Why does a schedule work?
They know what to expect: When your child is on a schedule, they (and you) know what to expect from a normal daily routine. If they are used to going down for a nap between 10am-10:30am every day, you’re going to find they will start to get sleepy every day at that time, and if you don’t miss that window of opportunity, they’ll go down very easily. If you miss your window, depending on your child, you may end up with a fussy little one because they have now become overstimulated.
Granted, there are some baby personalities that will go with the flow and sleep anywhere and at any time. If you have this baby, you will have a lot more flexibility in your routine.
They don’t become overstimulated: If you have a child that is a little more spirited, or becomes overwhelmed after too much time being active, you may find yourself in need of sticking to your routine a little more closely. They key is to know your child’s personality, and tailor your routine around that as much as you can. Overstimulation means a cranky and sometimes inconsolable child, so you want to avoid that if possible.

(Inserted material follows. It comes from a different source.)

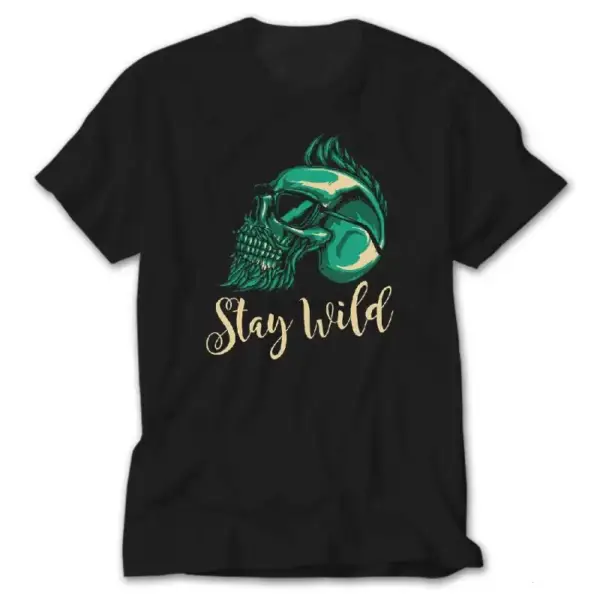 Stay Wild, Black T-Shirt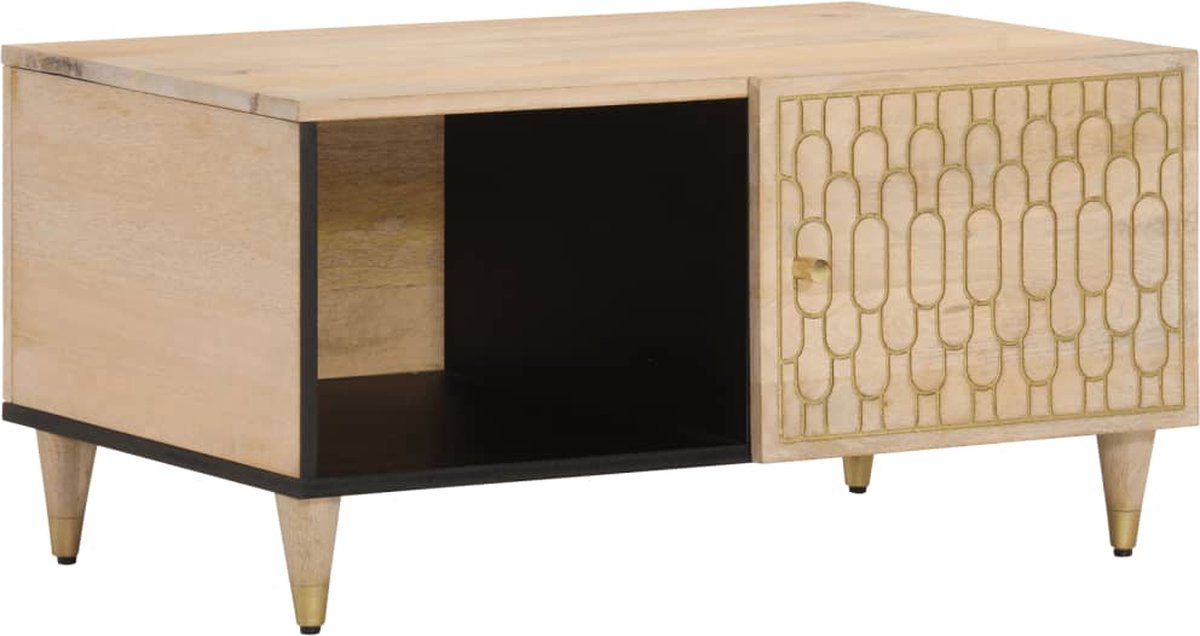 Vidaxl Couchtisch, 80x50x40 cm, Massives Mangoholz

Read More: Are you Overstimulating Your Baby?
Setting a schedule that works for you
In my personal experience, it is definitely possible to make the schedule work in your favor. If you need the schedule to change in some way on a more permanent basis, shift the time of each activity by 10-15 minutes each day until you get to the desired time for nap or regular outing.
If you want your child to be able to nap on the go, then set the stage for that out the gate by keeping them out during their naptime from time to time, but provide them with the opportunity to sleep in a carrier faced towards you (so they can avoid additional stimulation) or in their carrier or stroller with the cover obstructing their view.
Having a schedule doesn’t have to mean inflexibility, it just means that you are providing predictability which helps you and baby know what to expect. If changes are made, plan to make them ahead of time, and depending on your child, make the necessary shifts accordingly.